The God of Love and Fortune are the only gods who seem to be highly remarked on in the poem, but anyone familiar with classical mythology and Greek history know that the cause of the Trojan war was the Apple of Discourse, in which Paris chose Venus as the “fairest” of the goddesses, leaving Hera and Athena to have strong feelings of hatred for the Trojans because it was their prince, Paris, who was bribed into picking Venus, over either of them. It is interesting that Eros/Cupid would chose to play games with a Trojan prince during wartime when both his parents (Aphrodite and Ares) were on the side of the Trojans. That being said though, it could be argued, that if Criseyde’s father had told her that she was fated to manipulate Troilus she may have specifically been at the temple so that she was the one he saw when the God of Love struck him in the eyes with his arrow (Book 1, lines 208-209). The fact that she looked as if to say, “What, may I nat stonden here?” makes it seem that she was really there to be seen, waiting for his eyes to find her and drink her figure in (Book 1, line 292).  For any other woman there would be no way to connect her actions to the plans of the gods and fate, but the daughter of a seer means that she was privy to knowledge others did not have. Chaucer tells us that she knew her father’s reasoning for leaving the city, she may have talked him down to Troilus, but since she ended up never returning to Troy it is easy to believe that there was a larger scheme behind her actions throughout the entire poem.
As the scene progresses, Criseyde also seems to make comments that counteract each other, hinting that she has known her fate and knows that she is about to hurt a man who loves her.  This idea comes from when she is promising and reassuring Troilus that she will return to him after a period of ten days with the Greeks. The first thing that should have jumped out to him that she was manipulating him was the fact that she was using Juno (Hera) as her witness. There is a problem in this for two reasons. The first reason is that Juno hated the Trojans with a fiery passion and would never have punished someone who hurt a Trojan, especially Paris’ brother.  The second reason that swearing on Juno was a stupid thing is that Juno was the goddess of marriage and family, she hated adulterers, and since Criseyde and Troilus had an affair she would not have been one to support their “love.” Apparently, the arrows from Cupid’s bow made Troilus’ brain hazy and he didn’t realize that her reassurance was nothing but empty promises, based off of swearing to a goddess who wanted to see the Trojans destroyed. The other reason that these passages show her manipulation, and enforce my idea that she knew all along what she was doing, is that she says, “Whoso wol han life, he life moot lete” (Book IV, line 1585). In other words, “She has already devoted two stanzas (11. 1534-1547) to swearing that she will return, and now she, so notoriously and fatally " slydynge of corage," exhorts Troilus to be master of his fate,” but, “the audience already knows that Troilus is doomed to "losse of lyf" (IV, 2t7), and any persuasion, no matter from whom, that he can master Fortune is tinged with tragic irony” ( Evans 586).  Another great representation of the idea that Criseyde is a manipulator is explained by Cook-
Joly calls attention to the fact that, on the point of leaving Troy, she had all her precious possessions packed, "and," says the poet, "all her gowns put up; she clothed and decked her person with the richest garments she had", and these the poet then proceeds to describe, in terms which might well set any feminine heart a-flutter. This, be it remembered, is the morning after the night spent in tears and moans with Troilus. Could anything more clearly paint the character of the woman? However, says the poet, "the damsel thinks she will die when obliged to part from him whom she so loves and holds dear;" but he has already assured us that she will be calmed in time, and will soon forget. "If now she has sorrow, then she will have joy. Her love will soon turn to one whom she has never seen." To which, in the extremity of his indignation, the poet adds: "Grief does not last long with a woman; she weeps with one eye, and laughs with the other. They soon change their fancy; and the wisest of them is enough of a fool (Cook 535)

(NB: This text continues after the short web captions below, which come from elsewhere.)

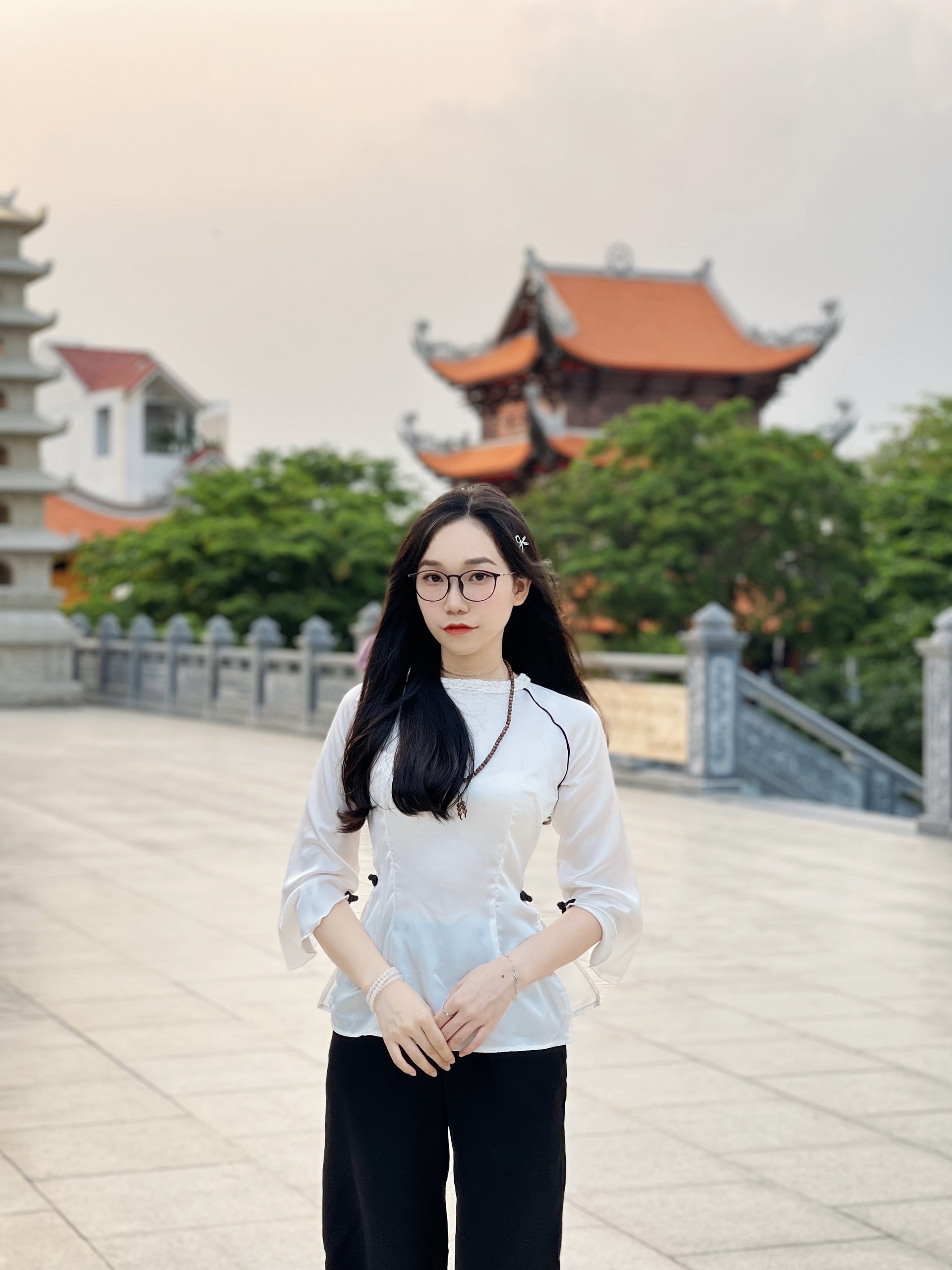 SET BÀ BA ĐI CHÙA CHẤT LỤA CAO CẤP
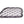 Maserati Quattroporte front bumper grille #762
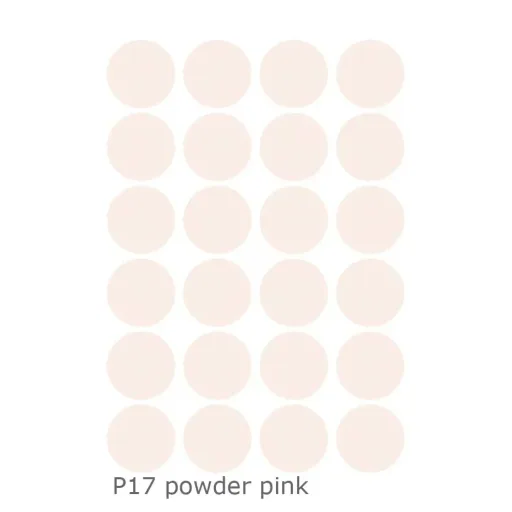 Lilipinso Wandsticker Basics Riesenpunkte, Farbe: cold grey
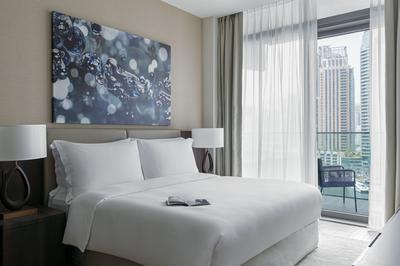 Premium Two Bedroom Suite with Marina View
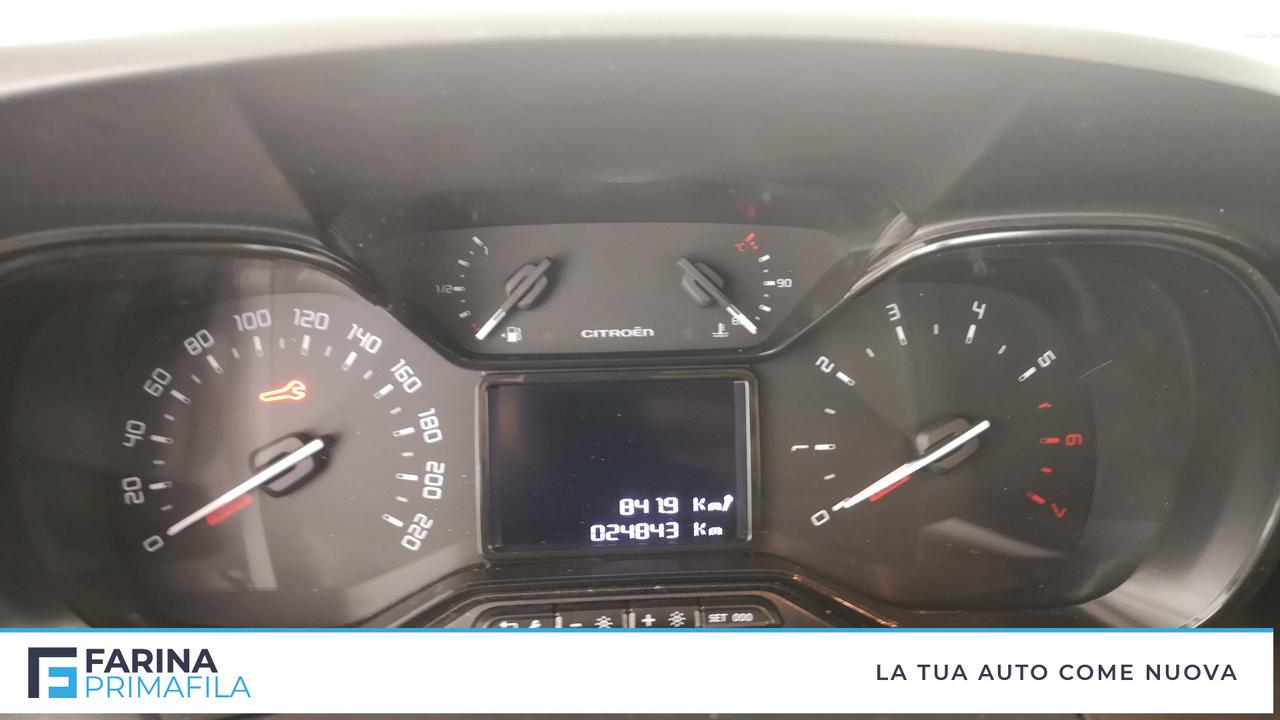 CITROEN C3 Aircross I 2021 - C3 Aircross 1.2 puretech Live s&s 110cv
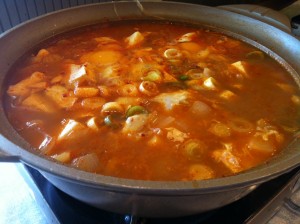 豆腐チゲ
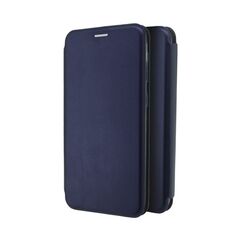 Ancus Θήκη Book Ancus Magnetic Curve για Samsung SM-A805F Galaxy A80 TPU Σκούρο Μπλε 25903 5210029067730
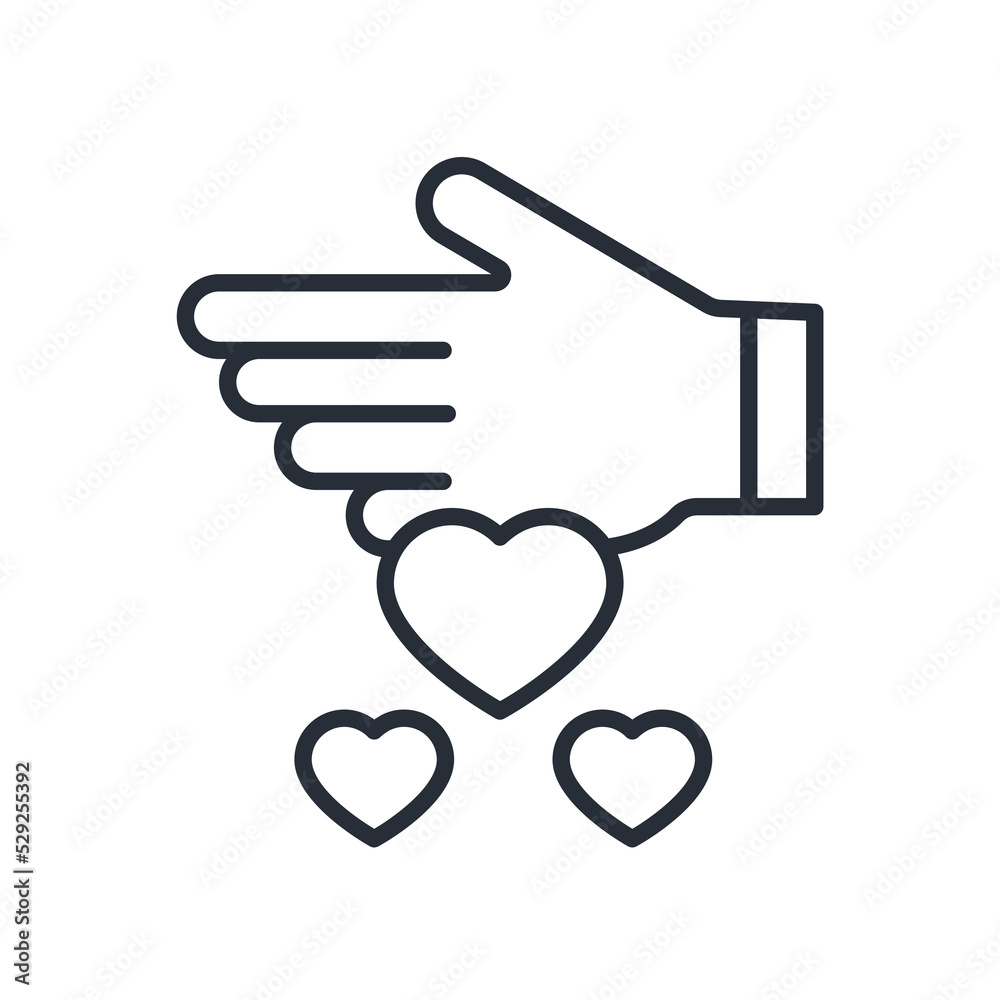 Social Responsibility icons symbol vector elements for infographic web Social Responsibility icons symbol vector elements for infographic web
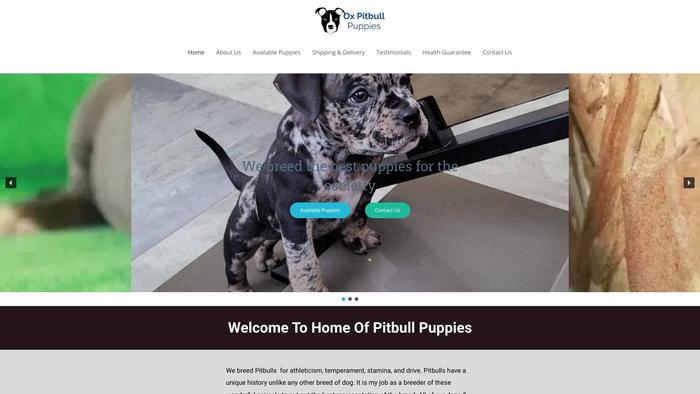 Oxpitbullpuppies.com - Pit Bull Puppy Scam Review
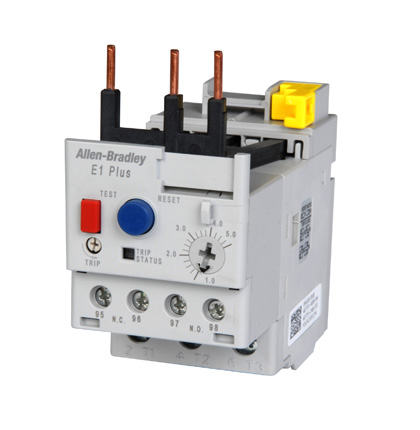 193-EEJG - Solid State Overload Relay Trip Class 10, 15, 20, 30, Auto/Manual-Auto Reset Screw Type, 40...200A (3 Phase), 100-D210...D420 or 300-F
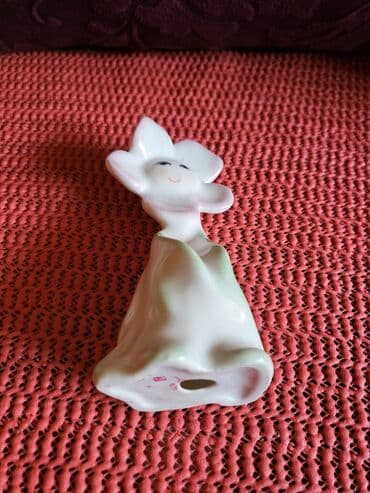 drvene macke figure: Figura nova cvet porcelanska iz 70ih. Figura cvet. mereni — 7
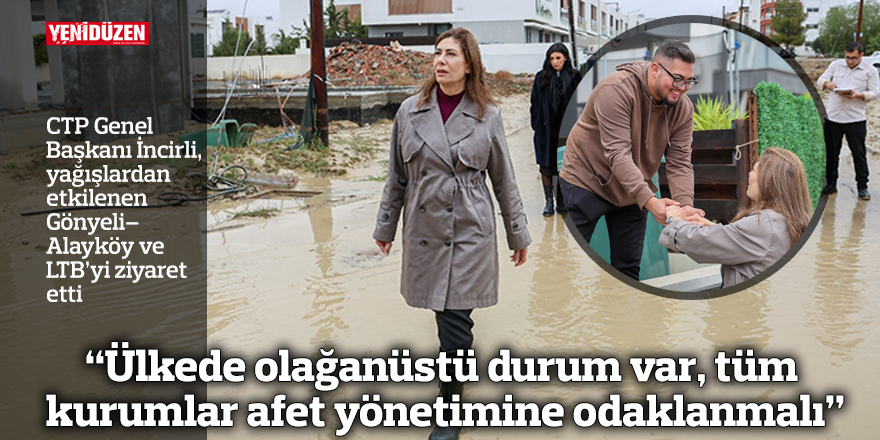 “Ülkede olağanüstü durum var, tüm kurumlar afet yönetimine odaklanmalı”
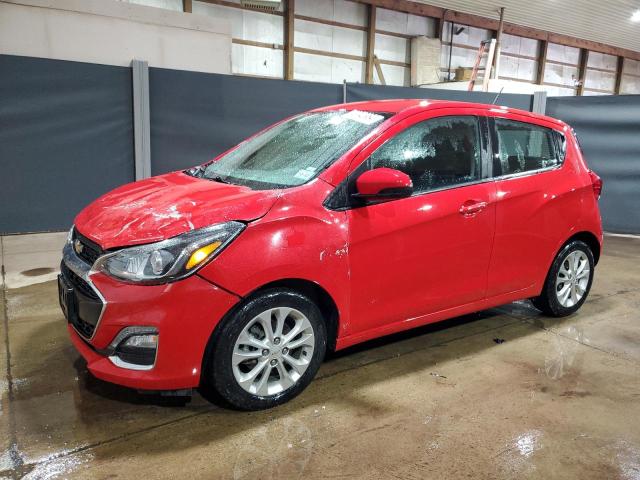 Lot #2494039348 2021 CHEVROLET SPARK 1LT salvage car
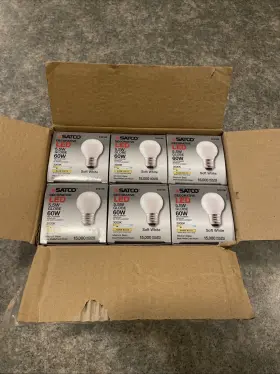 S12105 SATCO Led Globe Base #2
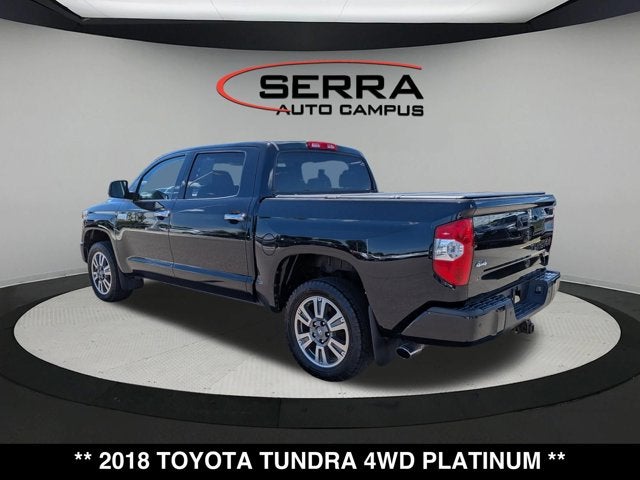 2018 Toyota Tundra Platinum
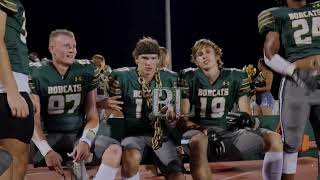 BasehorLinwood Bobcat Football highlight video vs Tonganoxie on 92 [upl. by Welles]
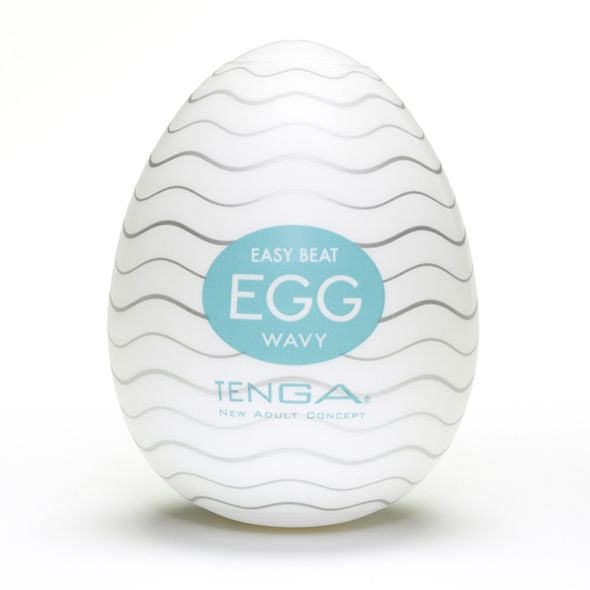 Tenga Egg Pack 6 Wavy Easy Ona-cap - UABDSM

Why would Criseyde have packed her and half of her father’s belongings if she meant to return to Troy? The “scheme” to use her father’s greed for his own possessions is really a scheme to give him back half of his goods in the guise of a plan to trick him. Rather than her father being a poor traitor to his people, he is now a somewhat wealthy immigrant in the Greek camp.  The Trojans all hated her father for abandoning them, but the manipulation by Criseyde allows her father to regain some of what he left behind without anyone stopping the goods from leaving the city, a plan she could have only come up with if he had given her foreknowledge of the situation. All of her actions regarding her departure from Troy hint at the fact that she has been manipulating everyone from the start.
Criseyde may have been the innocent victim and Pandarus the real manipulator of the poem, but that is hard to believe when, as the poem draws towards the end, she slips up and seems to give away her true intentions in many different ways. It can not be forgotten that she was a widow, and much like the character of the Wife of Bath in the Canterbury Tales, was probably raised to know how to manipulate men and be married.  This idea can be seen when Troilus tells her that he will die without her and fears she will marry a Greek from the insistence of her father (Book IV, lines 1464-1498).  Whether it was foreshadowed knowledge that she meet Troilus and manipulate him or really just a matter of fate, she still played her cards right and had a prince of Troy willing to abandon his family and country to be with her, or die if he lose her.  Criseyde even seems to try and manipulate the readers into thinking that she was a victim, her long inner monologues really just devices to sway people into feeling that she had no control of her own life and was just a pawn to be played by men and gods, when in reality she was really the one playing the game. There is a saying that nice girls finish last (just like the nice guys), and Criseyde did not finish last in the least, she had a prince fall in love with her which would have kept her safe if Troy had been the victor, and she found a Greek warrior to love and protect her when she was sure Troy would lose, “Her wit and governance never deserted her, apparently. She can pretend to her agonizing lover that she has no idea what he seeks of her, and afterwards is ready to deal with Diomede in the same way; she does not scruple to speak to Troilus of her own dissimulation, and she is quite capable of telling Diomede, that, save for her dead husband, other love, so helpe me now Pallas, Ther in myn herte nis, ne ever was” (Cook 544). In the end, the only victim seems to be Troilus, first as a victim of punishment for making fun of the God of Love and falling in love, and then for falling in love with a woman who would leave him alone and destroyed in the end, even giving a present from him to her new husband.

Works Cited
Benson, Larry. The Riverside Chaucer. 3rd. Boston: Houghton Mifflin Company, 1987. 471-586.
Cook, Albert. "The Character of Criseyde." PMLA. 22.3 (1907): 531-547.
Evans, Lawrence. "A Biblical Allusion in Troilus and Criseyde." Modern Language Notes. 74.7
(1959): 584-587.
Pearsall, Derek. The Life of Geoffrey Chaucer. Oxford UK: Blackwell Publishers, 1992. 168-177
Roberts, P. "Notes on Troilus and Criseyde, IV, 1397-1414." Modern Language Notes. 57.2
(1942): 92-97.

Thursday, April 28, 2011

All about Isis :)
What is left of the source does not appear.